The Indian Army’s patrolling activity has been affected in Hot Springs and PLA’s forward presence in Depsang has also hindered access of Indian soldiers to routes including the ones leading to PP-10, 11, 11-A, 12 and 13.

Despite three rounds of disengagement at friction points on LAC, the two armies still have 50,000 to 60,000 troops each and advanced weaponry deployed in the Ladakh theatre.

“After persistent joint efforts, mutual disengagement has taken place at many locations. So there has been positive movement… But while there has been partial disengagement, the threat has by no means reduced. Force levels in areas where disengagement is yet to take place have been adequately enhanced,” the army chief said.

Threat assessment and internal deliberations have led to reorganisation and realignment of forces and a significant infrastructure push to ensure India’s territorial integrity and to counter the major augmentation of PLA forces and military infrastructure, he said. “We will continue to deal with PLA in a firm, resolute and peaceful manner, while ensuring the sanctity of our claims. Necessary safeguards are in place.”

He said that India has enhanced its military capabilities manifold not only in Ladakh but all along the northern border with China during the last one-and-a-half years, and it is in a much better position to take on future challenges.

“We have inducted additional troops and made infrastructure and billeting facilities for as many as 25,000 extra troops who had gone into that area. These facilities also cater for any more increments that might take place in times to come.”

Naravane said it was unclear if Chinese forces will remain permanently stationed in their forward areas or eventually move back.

“It remains to be seen whether they will permanently station themselves there or will be amenable to some kind of de-induction in times to come. First, disengagement has to happen from friction areas. After some confidence is built, we can think of a little bit of de-escalation or moving back from being bang on LAC to areas in depth but remaining in that general area. We can then think of de-induction wherein troops can go back to their permanent locations and garrisons. Till we reach those steps, we will have to be prepared to stay there for as long as it requires,” he said.

‘Resolve Boundary Question’

General Naravane said there was a silver lining to the border crisis as India used it as an opportunity to fast-track infrastructure development, undertake doctrinal reviews and fill operational voids through emergency purchases.

On a new Chinese border law, he said it was not in keeping with past agreements and not binding on India and the country was more than adequately prepared to deal with any possible military ramifications. China’s parliament, the National People’s Congress (NPC), adopted the “new law on the protection and exploitation of the country’s land border areas” on October 23.
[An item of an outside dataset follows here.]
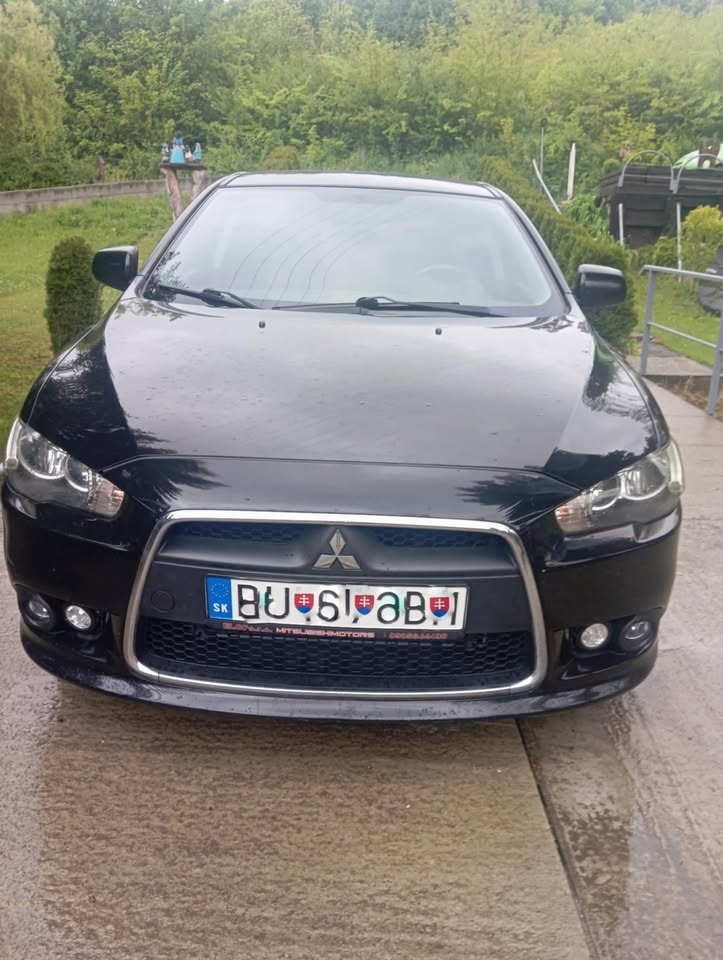 Mitsubishi Lancer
The legislation gives more powers to PLA and state agencies to use civilians in border areas as a first line of defence, to strengthen infrastructure, and to build more border towns.
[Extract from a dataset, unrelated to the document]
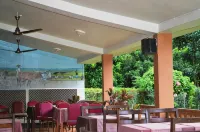 Chitwan Paradise Hotel - breakfast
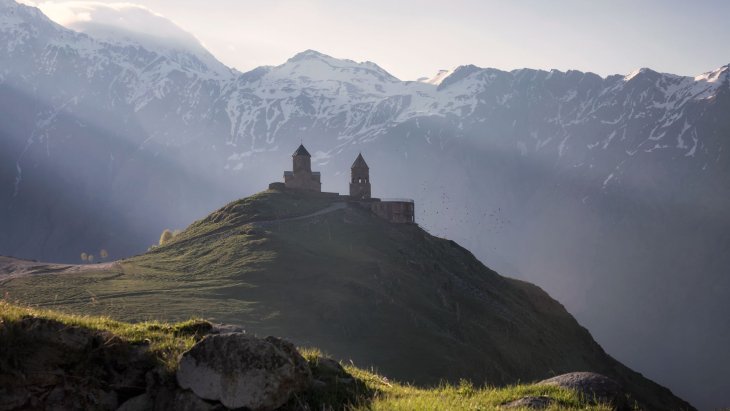 Iglesia de la Trinidad de Gergeti sobre las montañas del Cáucaso en Georgia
On China building villages and other infrastructure on what India perceives to be its territory, Naravane said such issues would keep cropping up till the boundary question remained unresolved.
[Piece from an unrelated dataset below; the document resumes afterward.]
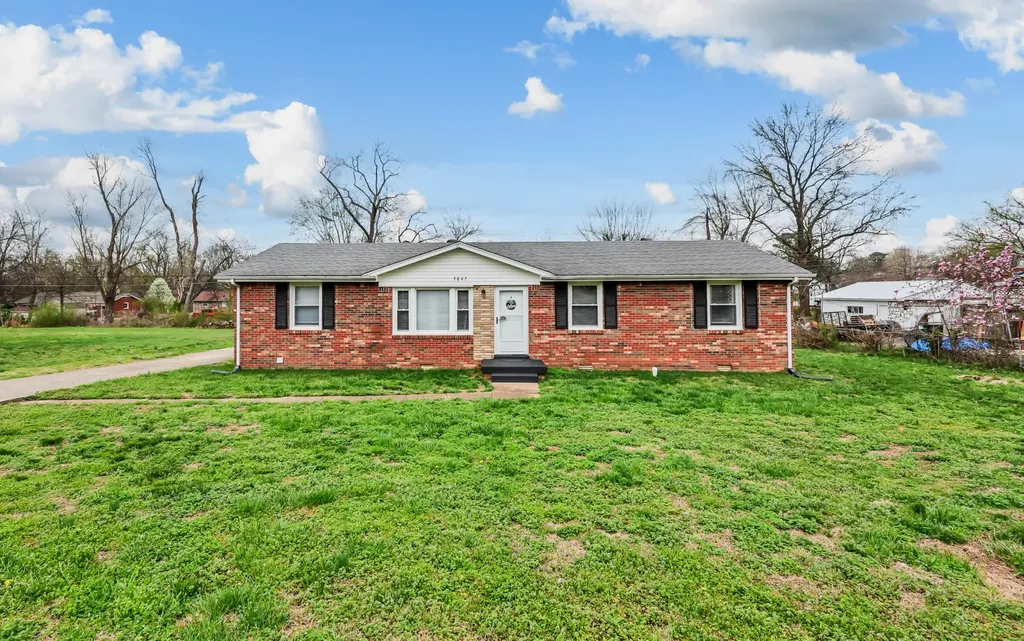 5047 Collinwood Drive Clarksville TN 37042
“The long-term solution is to resolve the boundary question rather than allowing these issues to become a point of difference every now and then and a pinprick in our bilateral ties. We are well poised all along our border and there is no question of the status quo as it exists today being altered by force,” he added.

Bhatia said the two countries should resolve the boundary question but the chances of that were bleak in the near to mid-term given China’s military coercion against India.